-- Problem to solve --
Your reply must contain the lines from the one with "Vanitas - Still" through the last line of the material, exact and complete, with no pictures and no other text.

-- Data extract --
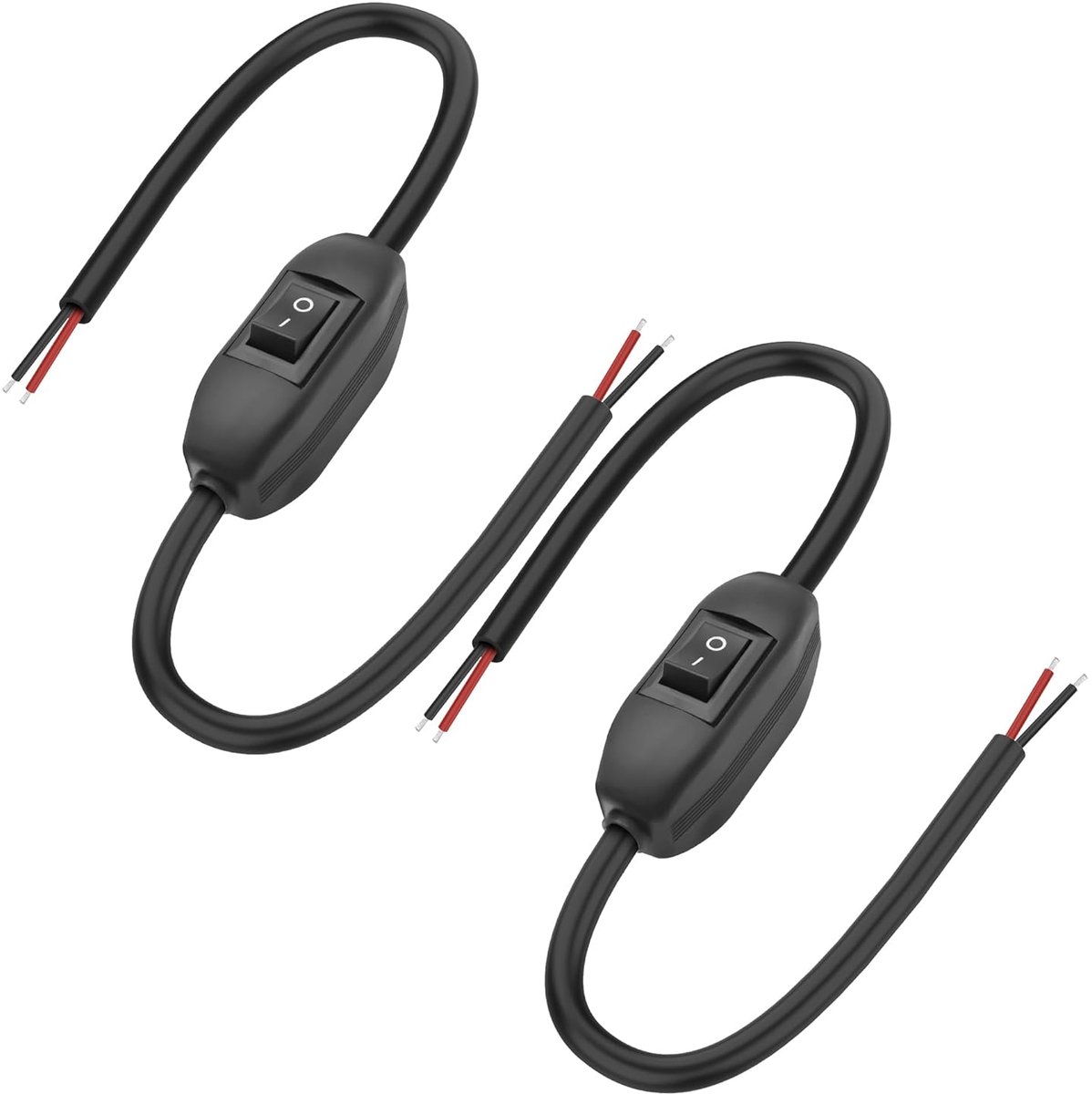 MEIRIYFA Inline Cable Switch, 12V-24V, On/Off, Rocker Button, Front Thread Switch on Both Ends, Inline On/Off Switch - ShopVlot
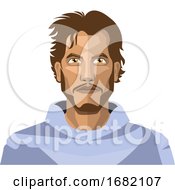 Poster, Art Print Of Guy With Beard And Long Hair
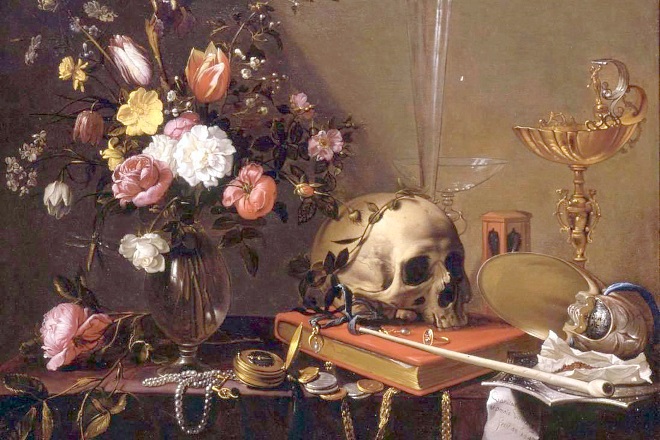 Vanitas - Still Life with Bouquet and Skull, Adriaen van Utrecht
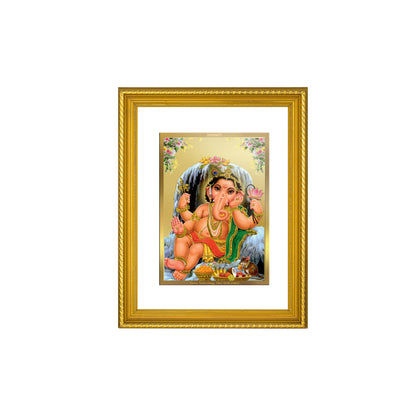 DIVINITI 24K Gold Plated Bal Ganesha Wall Photo Frame for Home Decor, Wall Hanging, Table Top, Puja Room & Gift DG056S3 (27.6X35.4 CM)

-- Output for this task --
 Vanitas - Still Life with Bouquet and Skull, Adriaen van Utrecht
 DIVINITI 24K Gold Plated Bal Ganesha Wall Photo Frame for Home Decor, Wall Hanging, Table Top, Puja Room & Gift DG056S3 (27.6X35.4 CM)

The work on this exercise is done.